Now we can truly appreciate the differences in each topic:

  1. Topic 0 includes articles related to regulation in the US, as entities like the SEC and IRS are included
  2. Topic 1 is all about the market performance of Bitcoin, as it includes its valuation and terms like “high” and “hit”
  3. Topic 2 is also about BTC, but has news related to other firms, inluding Tesla
  4. Topic 3 includes a bit of everything, as it has terms like Musk, India, Mining, etc. This topic is probably an umbrella for news articles not included in the first three topics.

It’s amazing how we have been able to detect such distinct topics for a small database from one news source! Lastly, we can visualize how these topics relate to each other using the t-distributed Stochastic Neighbor Embedding. In essence, this technique converts similarities between data points into joint probabilities, allowing for topic clustering.

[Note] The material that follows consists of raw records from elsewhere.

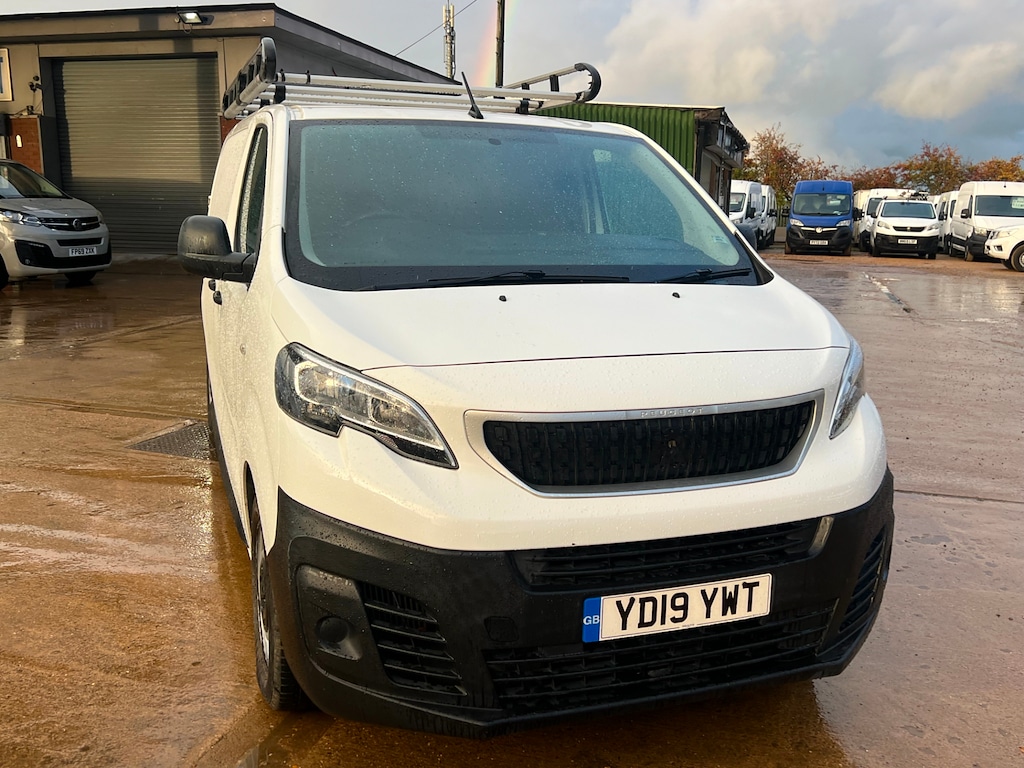 Used Peugeot Expert 2019 for sale - 76140472: Photo 12
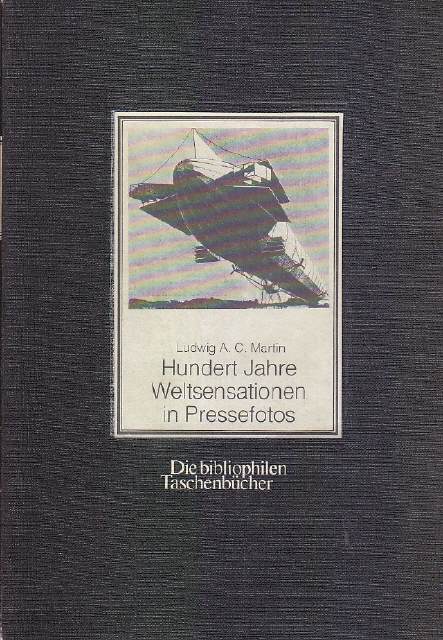 Buch: Hundert Jahre ...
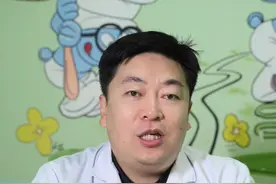 消化科医生最怕的2种水果，秋季少给孩子吃#医学科普 #知识科普 #家长必看系列视频封面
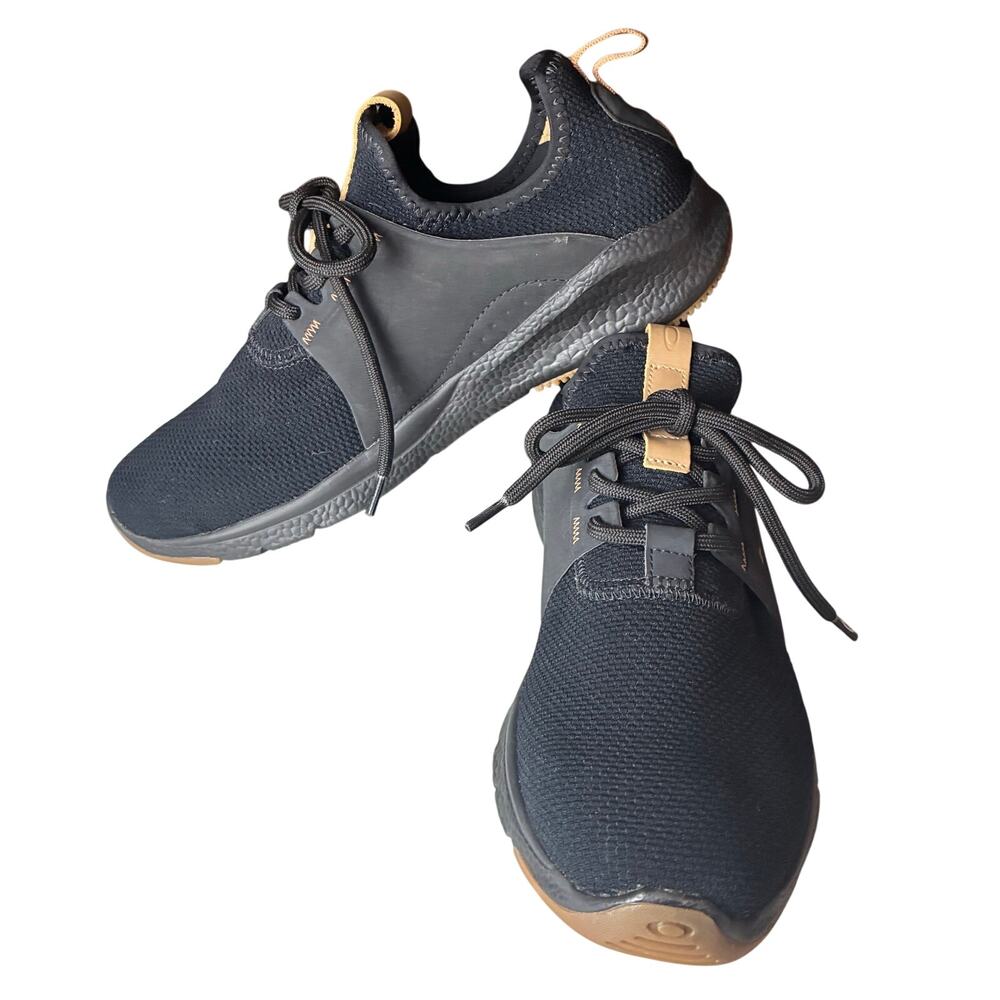 Oakley EVZero Dry OS Running Sneakers Shoes Lightweight Breathable Mesh Mens 8.5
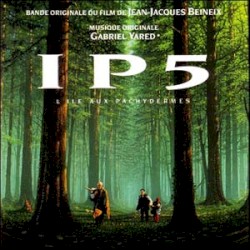 IP5 : L'île aux pachydermes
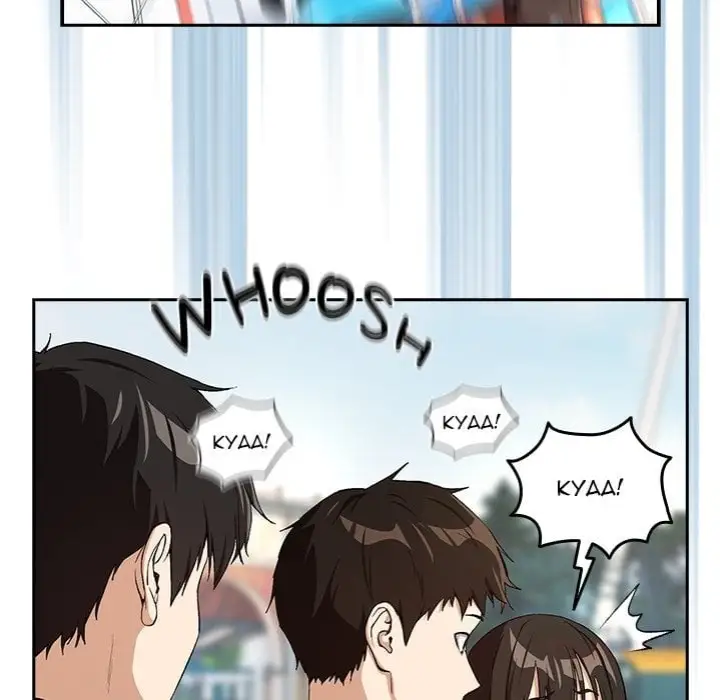 After Work Love Affairs Chapter 88 Page 15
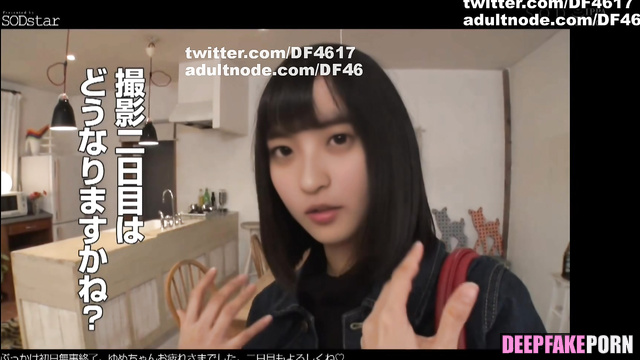 Endo Sakura facial addict deepfake sex tape 遠藤さくら 乃木坂46 フェイクポルノ [PREMIUM]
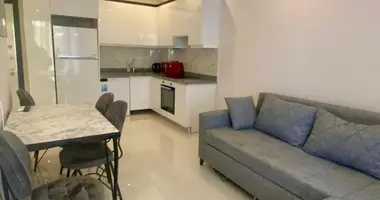 Appartement 1 chambre dans Mahmutlar, Turquie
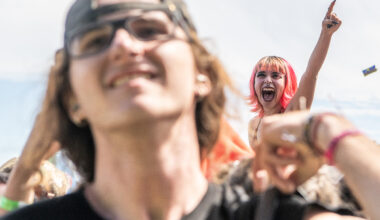 Things to do in Long Beach this weekend — including a Warped Tour block party and a giant boat show • Eat. See. Do.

# Get topic weights and dominant topics ------------
from sklearn.manifold import TSNE
from bokeh.plotting import figure, output_file, show
from bokeh.models import Label
from bokeh.io import output_notebook

# Get topic weights
topic_weights = []
for i, row_list in enumerate(ldamodel[corpus]):
    topic_weights.append([w for i, w in row_list[0]])

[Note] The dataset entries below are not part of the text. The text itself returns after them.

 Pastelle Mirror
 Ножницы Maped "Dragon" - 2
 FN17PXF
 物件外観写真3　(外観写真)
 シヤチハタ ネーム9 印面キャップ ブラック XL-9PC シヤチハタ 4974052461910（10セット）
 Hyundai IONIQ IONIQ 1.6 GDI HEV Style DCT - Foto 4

# Array of topic weights    
arr = pd.DataFrame(topic_weights).fillna(0).values

# Keep the well separated points (optional)
arr = arr[np.amax(arr, axis=1) > 0.35]

# Dominant topic number in each doc
topic_num = np.argmax(arr, axis=1)

# tSNE Dimension Reduction
tsne_model = TSNE(n_components=2, verbose=1, random_state=0, angle=.99, init='pca')
tsne_lda = tsne_model.fit_transform(arr)

# Plot the Topic Clusters using Bokeh
output_notebook()
n_topics = 4
mycolors = np.array([color for name, color in mcolors.TABLEAU_COLORS.items()])
plot = figure(title="t-SNE Clustering of {} LDA Topics".format(n_topics), 
              plot_width=900, plot_height=700)
plot.scatter(x=tsne_lda[:,0], y=tsne_lda[:,1], color=mycolors[topic_num])
plt.savefig('post9_p3.png', dpi=300, bbox_inches='tight')
show(plot)
[t-SNE] Computing 91 nearest neighbors...
[t-SNE] Indexed 143 samples in 0.001s...
[t-SNE] Computed neighbors for 143 samples in 0.005s...
[t-SNE] Computed conditional probabilities for sample 143 / 143
[t-SNE] Mean sigma: 0.182201
[t-SNE] KL divergence after 250 iterations with early exaggeration: 54.550850
[t-SNE] KL divergence after 900 iterations: 0.153726

plot 3

The figure shows how the fourth topic (shown in red) does not relate to the other topics. Topic 0, shown in blue, is the most frequent topic and has slight overlap with Topic 1. There are even more advanced visualization techniques but this is good enough for now!

Conclusions

I’m still new to all of this. Still, it’s amazing how useful LDA can be, even when applied to a relatively homogeneous news database related to cryptocurrencies!